----- Information shown -----

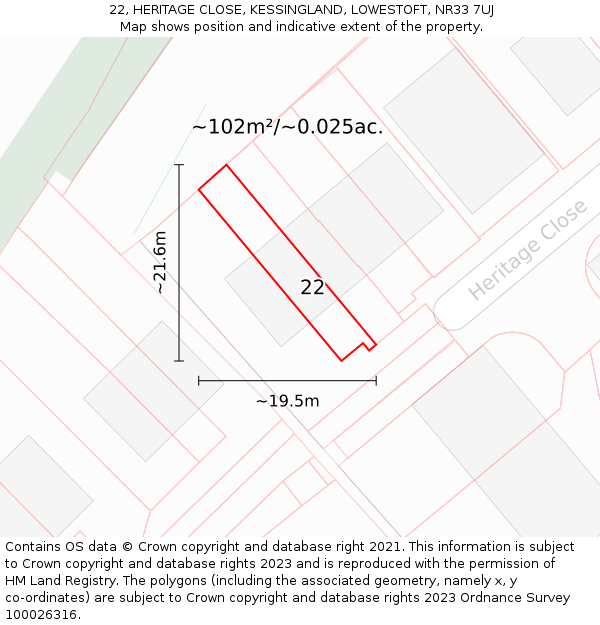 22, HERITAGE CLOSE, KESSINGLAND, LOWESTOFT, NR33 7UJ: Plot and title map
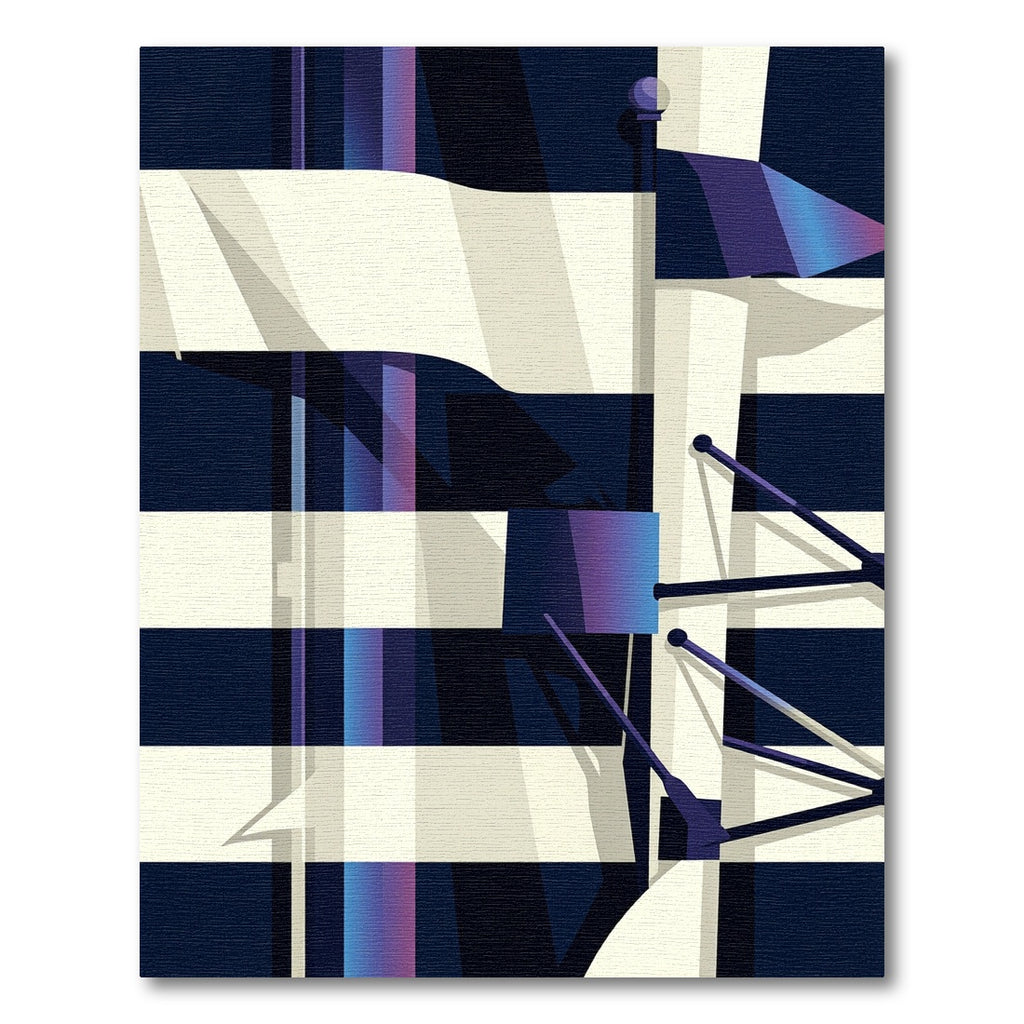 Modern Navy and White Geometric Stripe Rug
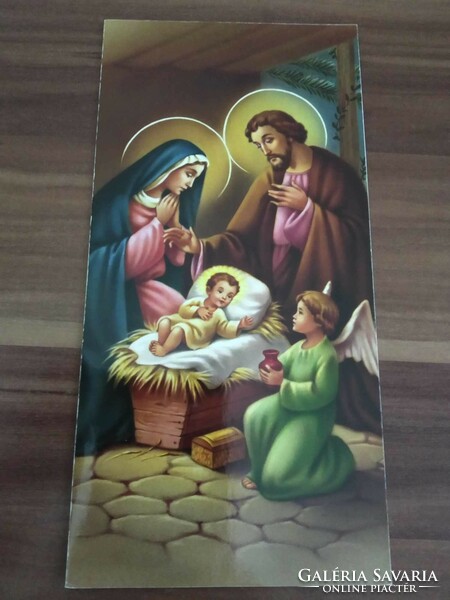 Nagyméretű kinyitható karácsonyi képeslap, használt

-----

• _Task statement_
Pictures are not part of the copy. Please reproduce the material word for word.

• _Solution to the exercise_
 22, HERITAGE CLOSE, KESSINGLAND, LOWESTOFT, NR33 7UJ: Plot and title map
 Modern Navy and White Geometric Stripe Rug
 Nagyméretű kinyitható karácsonyi képeslap, használt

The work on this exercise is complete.